HOW TO COMPLETE THIS TASK ::
The output should be the listing below, limited to the lines from the one with "living area with" through the one with "Silver foil background", exact and without pictures.

THE INPUT ::
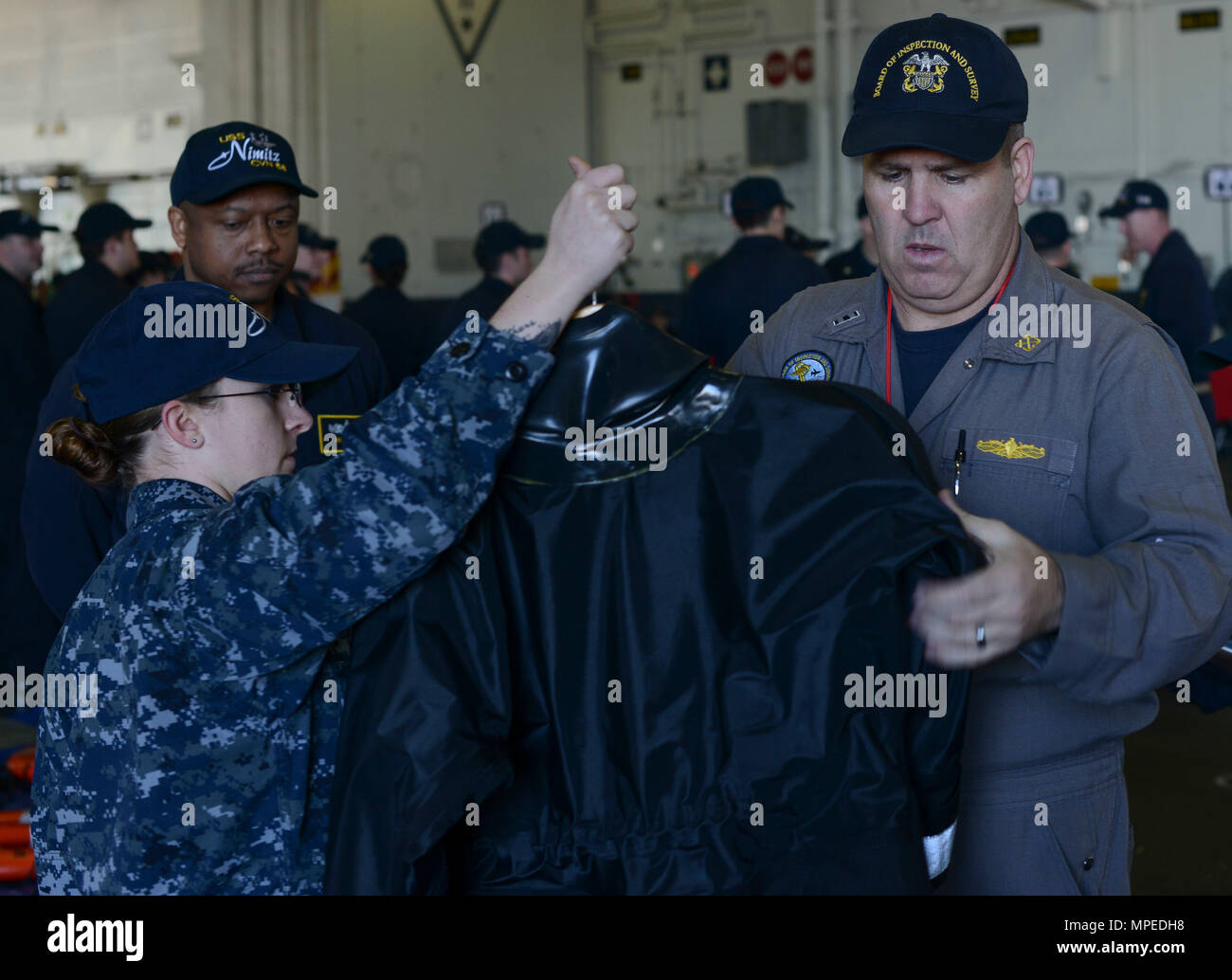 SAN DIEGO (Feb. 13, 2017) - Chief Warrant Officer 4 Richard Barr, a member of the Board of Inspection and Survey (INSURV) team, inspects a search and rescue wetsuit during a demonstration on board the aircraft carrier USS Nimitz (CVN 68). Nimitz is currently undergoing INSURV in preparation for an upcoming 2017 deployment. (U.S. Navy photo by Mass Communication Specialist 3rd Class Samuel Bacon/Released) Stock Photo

--

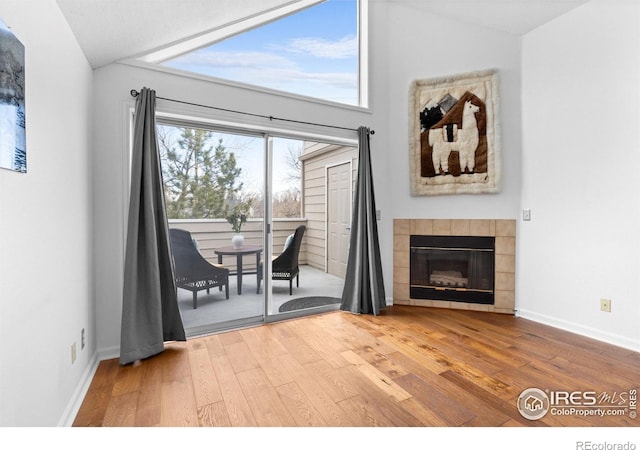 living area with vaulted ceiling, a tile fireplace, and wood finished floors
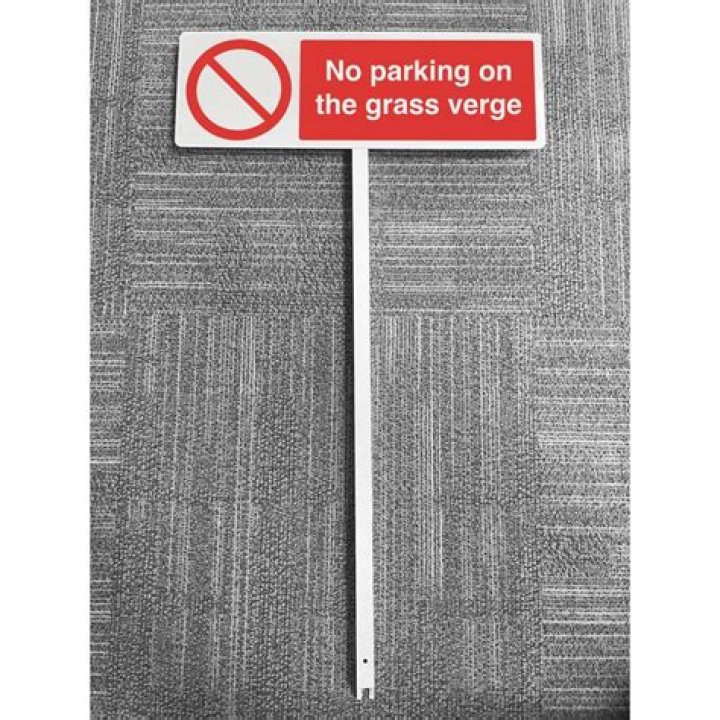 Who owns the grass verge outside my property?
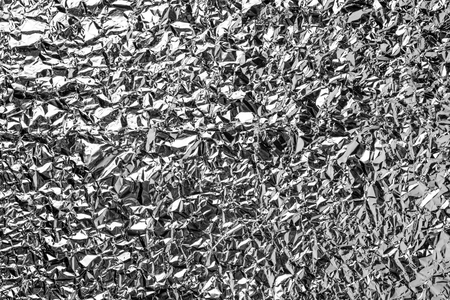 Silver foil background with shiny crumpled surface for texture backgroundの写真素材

EXERCISE ANSWER ::
 living area with vaulted ceiling, a tile fireplace, and wood finished floors
 Who owns the grass verge outside my property?
 Silver foil background with shiny crumpled surface for texture backgroundの写真素材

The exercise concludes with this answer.